Cuando Platón habla del hombre que
sale de la caverna, dice que tras un periodo de adaptación descubre la claridad
de lo matemático. Pero no sólo alcanza esto, sino que también vislumbra un
mundo de esencias, donde termina captando la hondura metafísica de la realidad
con el principio supremo del Bien que armoniza y envuelve todo. El proceso de
la salida de la caverna de Platón integra la propia caverna en el
conocimiento. Lo que era oscuro y confuso se integra en cierta manera en la
claridad que aporta el astro rey. Lo que era apariencia al conocerse como
apariencia ya no es un ignorancia. El filósofo ha penetrado en el mundo de lo
eterno y desde allí se enfrenta a las grandes preguntas de la realidad.
Sin embargo, su historia no acaba
tan bien. Su filósofo sale de la caverna, se tropieza con una rama y cae de
bruces contra el suelo. Allí tumbado, con la cara pegada al suelo se maravilla
del nivel de detalle que es capaz de percibir en la brizna de hierba o en el
insecto que está ante él. El nivel de detalle es extraordinario y no deja lugar
para la duda. Ha encontrado aquello de lo que “no hace falta guardar silencio”.
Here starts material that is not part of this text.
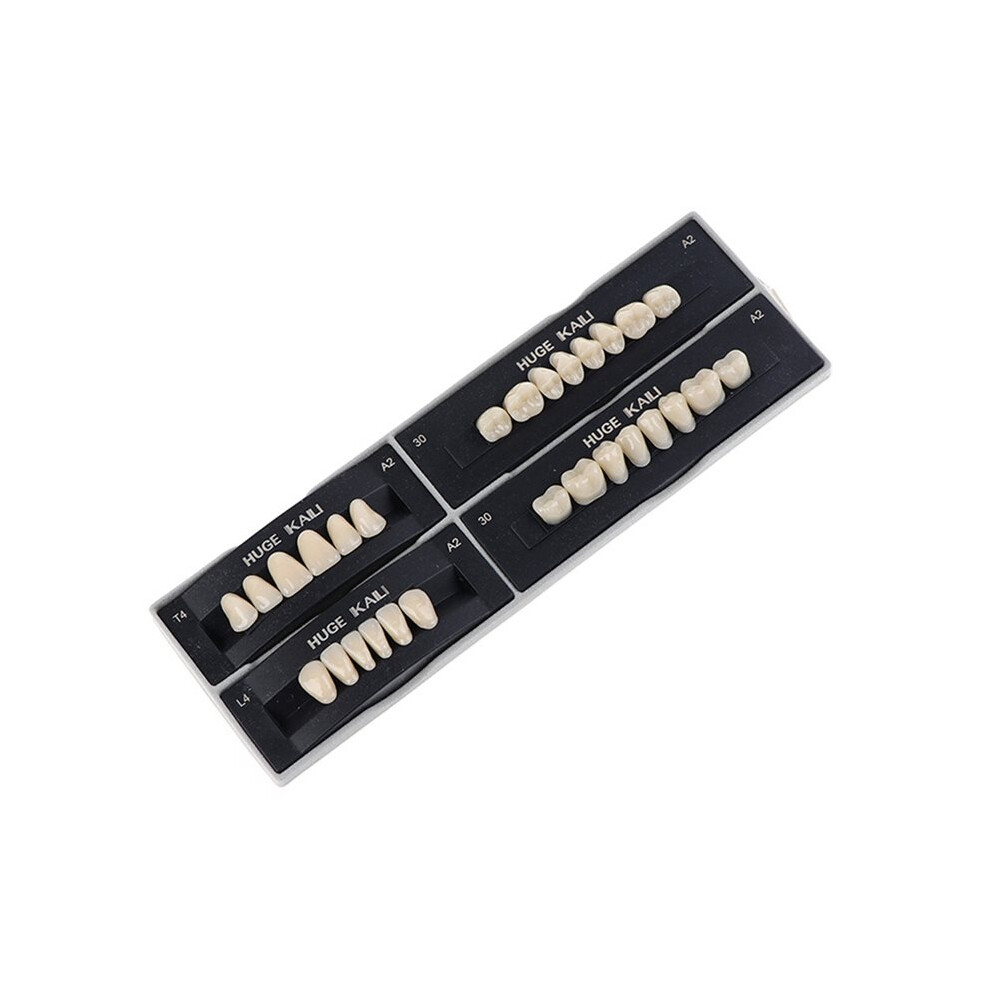 Dental Materials Synthetic Resin Teeth Plastic Steel Full Dentures Artificial Preformed Denture Teeth Dental Tools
En esa situación, todo lo que en la caverna era confuso, deja de importarle. La
ética, la metafísica o la antropología están en su recuerdo como fuentes de
confusión, en el nivel de la doxa. Pero
el problema es que en esos temas también cabe verdadero conocimiento, y si ese
filósofo tumbado en el suelo levantase la cabeza hacia el cielo, descubriría
una filosofía capaz de dar cuenta de las grandes preguntas del hombre, sin que
eso quiera decir que pudiera agotarlas.
La salida de la caverna en su Tractatus ha sido frustrada por un
reduccionismo que es típicamente moderno: cambiar la verdad por la certeza. Su
filósofo, aunque ha salido de la doxa,
no se dedica a correr por las verdes praderas que fuera de la caverna le
esperan, ni se maravilla del calor y la luz del sol. Ha quedado atrapado en la
certeza que la ciencia físico-matemática es capaz de mostrar. Ni levanta la
cabeza para ver las maravillas de lo real más allá de lo lógicamente
demostrable, ni es capaz de integrar y dotar de sentido al interior de la
caverna, a lo que era confuso pero puede ser iluminado desde lo alto.
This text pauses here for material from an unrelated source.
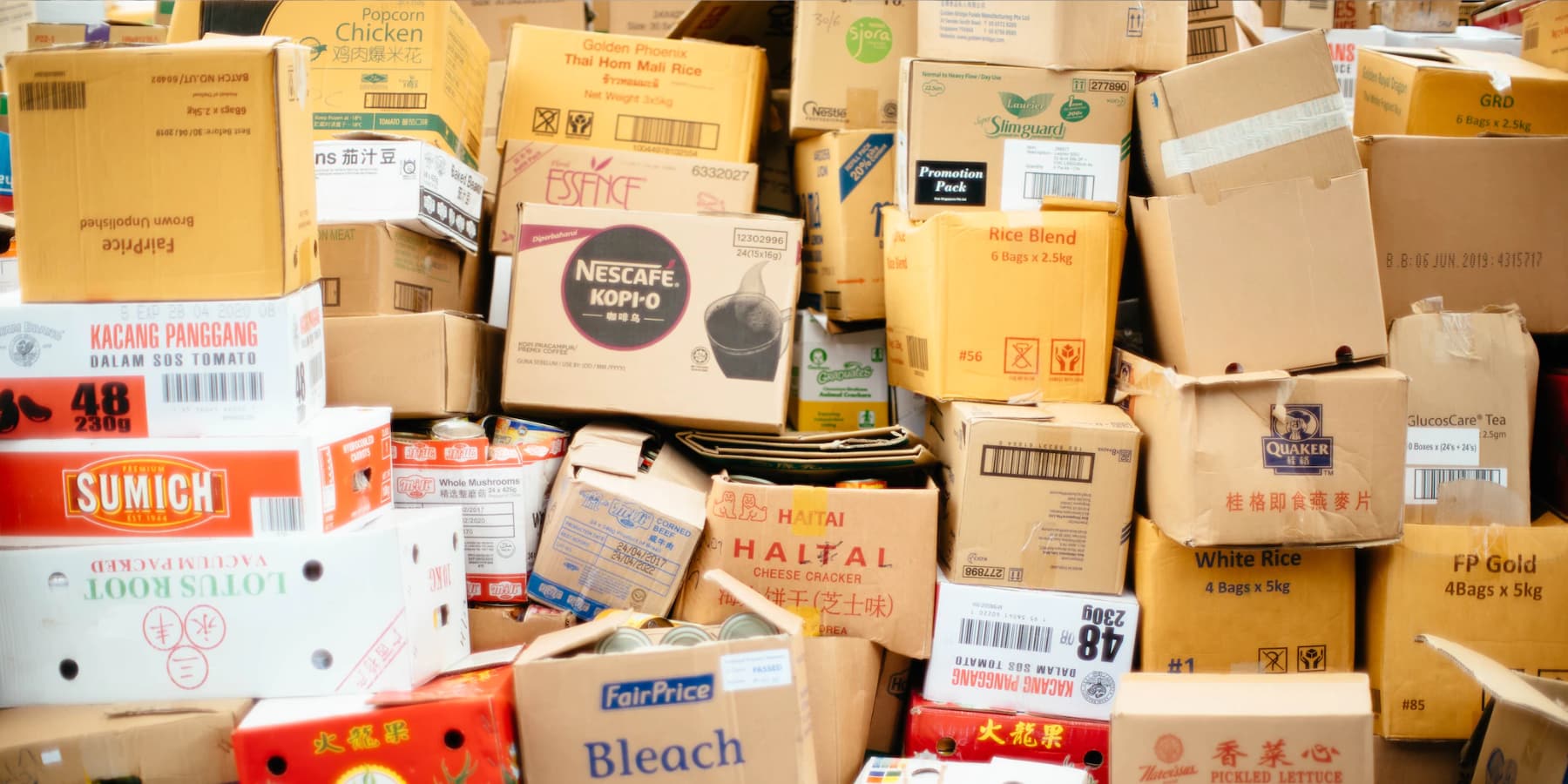 Laravel 9 Database Commands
Repito que su intento y sobretodo su
intención es loable, pero su filósofo al salir de la caverna ha sido una
víctima indirecta de la zancadilla de Descartes. Se ha enredado en la herencia
moderna, que en el fondo le dice que si algo no se puede dominar y delimitar claramente,
no puede conocerse. Pero esto no es sino romper el primer mandamiento de aquel
que verdaderamente quiere conocer la realidad: dejar ser a lo real, aceptando
con humildad hasta dónde llegan nuestras capacidades humanas.
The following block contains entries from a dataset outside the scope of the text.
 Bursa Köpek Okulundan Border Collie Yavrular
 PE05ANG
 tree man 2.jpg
Su Tractatus no soluciona los problemas de la filosofía, sino que hace
una separación artificial que resulta dañina: o conozco un contenido de manera
clara e infalible o no quiero ni intentarlo y digo que “es mejor guardar
silencio”. Pero el hombre es un buscador, un caminante. El hombre debe salir de
la caverna con la cabeza alta y anhelante, con el corazón humilde y abierto a
una realidad que no puede agotar, sin que esto sea un problema. Porque el
filósofo es un enamorado de la sabiduría, que se siente dichoso de no agotar a
su amada, de saber que siempre puede crecer y sumergirse en ella, sin dominarla
y agotarla pero sin tampoco pretenderlo. El filósofo no es ni debe pretender
ser un sabio, sino que es y debe ser, un enamorado.